WHAT IS REQUIRED – Take from the listing each line that has the string "Miami".

━━━━━ GIVEN RECORDS ━━━━━

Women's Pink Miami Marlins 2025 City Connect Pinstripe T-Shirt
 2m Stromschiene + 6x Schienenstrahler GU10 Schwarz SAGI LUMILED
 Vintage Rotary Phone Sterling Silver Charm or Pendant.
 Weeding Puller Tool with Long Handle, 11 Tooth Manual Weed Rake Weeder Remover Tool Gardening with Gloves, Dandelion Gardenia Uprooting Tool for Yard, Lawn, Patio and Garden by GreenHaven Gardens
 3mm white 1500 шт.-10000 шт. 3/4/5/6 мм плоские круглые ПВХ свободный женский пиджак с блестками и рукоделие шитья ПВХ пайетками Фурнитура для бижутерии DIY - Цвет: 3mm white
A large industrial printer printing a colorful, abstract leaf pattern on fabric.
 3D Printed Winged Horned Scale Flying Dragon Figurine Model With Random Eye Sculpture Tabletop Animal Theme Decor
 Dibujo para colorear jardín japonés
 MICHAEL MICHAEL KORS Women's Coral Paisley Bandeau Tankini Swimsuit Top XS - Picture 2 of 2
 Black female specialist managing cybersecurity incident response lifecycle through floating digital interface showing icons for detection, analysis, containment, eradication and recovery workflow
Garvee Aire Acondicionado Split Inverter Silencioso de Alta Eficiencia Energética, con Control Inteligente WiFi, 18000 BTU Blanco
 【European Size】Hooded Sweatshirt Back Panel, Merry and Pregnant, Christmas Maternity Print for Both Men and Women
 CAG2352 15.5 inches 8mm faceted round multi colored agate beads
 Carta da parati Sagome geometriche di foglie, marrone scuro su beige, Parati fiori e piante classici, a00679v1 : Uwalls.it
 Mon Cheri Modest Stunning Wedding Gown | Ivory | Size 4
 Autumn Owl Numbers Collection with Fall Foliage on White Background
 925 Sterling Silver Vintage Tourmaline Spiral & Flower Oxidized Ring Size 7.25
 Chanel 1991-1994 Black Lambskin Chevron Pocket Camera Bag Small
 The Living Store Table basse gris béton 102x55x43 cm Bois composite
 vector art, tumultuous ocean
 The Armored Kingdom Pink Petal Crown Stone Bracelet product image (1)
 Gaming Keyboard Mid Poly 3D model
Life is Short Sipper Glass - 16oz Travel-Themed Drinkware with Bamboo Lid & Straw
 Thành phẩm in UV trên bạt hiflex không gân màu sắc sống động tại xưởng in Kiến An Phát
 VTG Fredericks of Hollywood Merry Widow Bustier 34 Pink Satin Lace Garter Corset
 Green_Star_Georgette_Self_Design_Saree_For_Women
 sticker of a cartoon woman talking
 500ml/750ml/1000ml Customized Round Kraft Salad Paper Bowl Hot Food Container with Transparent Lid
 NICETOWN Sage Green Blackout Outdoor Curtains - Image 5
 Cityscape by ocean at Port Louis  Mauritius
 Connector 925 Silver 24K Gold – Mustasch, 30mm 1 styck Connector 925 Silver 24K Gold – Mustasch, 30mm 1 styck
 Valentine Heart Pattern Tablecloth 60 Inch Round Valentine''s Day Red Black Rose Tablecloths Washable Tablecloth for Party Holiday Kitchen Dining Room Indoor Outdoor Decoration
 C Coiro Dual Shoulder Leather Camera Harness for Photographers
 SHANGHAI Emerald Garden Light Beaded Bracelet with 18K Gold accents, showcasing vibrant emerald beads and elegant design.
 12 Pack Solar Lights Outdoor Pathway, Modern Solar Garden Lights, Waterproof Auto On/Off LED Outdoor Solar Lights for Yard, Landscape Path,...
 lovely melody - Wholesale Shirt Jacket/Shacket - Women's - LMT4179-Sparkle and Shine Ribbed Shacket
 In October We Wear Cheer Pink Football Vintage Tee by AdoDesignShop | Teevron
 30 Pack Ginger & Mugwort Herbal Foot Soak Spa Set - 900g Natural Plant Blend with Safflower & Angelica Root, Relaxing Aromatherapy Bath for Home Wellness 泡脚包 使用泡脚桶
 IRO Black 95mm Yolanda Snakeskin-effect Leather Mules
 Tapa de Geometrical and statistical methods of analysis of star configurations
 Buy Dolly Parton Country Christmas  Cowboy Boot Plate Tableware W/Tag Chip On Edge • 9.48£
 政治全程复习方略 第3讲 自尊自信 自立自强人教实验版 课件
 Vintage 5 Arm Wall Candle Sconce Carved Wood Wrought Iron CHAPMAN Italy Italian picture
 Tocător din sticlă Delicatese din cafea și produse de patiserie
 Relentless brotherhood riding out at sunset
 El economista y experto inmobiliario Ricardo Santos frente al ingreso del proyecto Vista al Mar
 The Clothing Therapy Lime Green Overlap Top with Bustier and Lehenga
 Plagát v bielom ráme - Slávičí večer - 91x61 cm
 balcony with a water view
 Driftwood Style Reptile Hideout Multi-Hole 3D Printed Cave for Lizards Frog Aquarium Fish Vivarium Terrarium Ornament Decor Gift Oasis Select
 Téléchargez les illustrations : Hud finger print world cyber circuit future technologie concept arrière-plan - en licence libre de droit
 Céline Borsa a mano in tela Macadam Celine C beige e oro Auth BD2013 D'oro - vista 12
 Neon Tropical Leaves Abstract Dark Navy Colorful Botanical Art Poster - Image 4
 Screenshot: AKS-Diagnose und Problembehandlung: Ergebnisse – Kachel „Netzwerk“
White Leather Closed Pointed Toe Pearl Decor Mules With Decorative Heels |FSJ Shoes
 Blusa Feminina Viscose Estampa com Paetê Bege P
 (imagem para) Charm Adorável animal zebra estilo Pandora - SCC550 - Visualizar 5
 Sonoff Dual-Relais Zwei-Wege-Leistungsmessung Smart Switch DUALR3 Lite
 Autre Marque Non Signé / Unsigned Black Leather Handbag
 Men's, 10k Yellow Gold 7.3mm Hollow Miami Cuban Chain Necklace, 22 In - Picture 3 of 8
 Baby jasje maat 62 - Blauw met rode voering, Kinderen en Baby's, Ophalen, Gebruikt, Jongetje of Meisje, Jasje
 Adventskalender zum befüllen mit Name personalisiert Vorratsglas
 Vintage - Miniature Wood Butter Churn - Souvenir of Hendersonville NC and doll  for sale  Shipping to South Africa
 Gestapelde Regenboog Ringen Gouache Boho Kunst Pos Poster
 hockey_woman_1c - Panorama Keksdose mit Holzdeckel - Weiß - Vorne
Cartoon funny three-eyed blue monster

━━━━━

OUTPUT FOR THIS EXERCISE –
Women's Pink Miami Marlins 2025 City Connect Pinstripe T-Shirt
 Men's, 10k Yellow Gold 7.3mm Hollow Miami Cuban Chain Necklace, 22 In - Picture 3 of 8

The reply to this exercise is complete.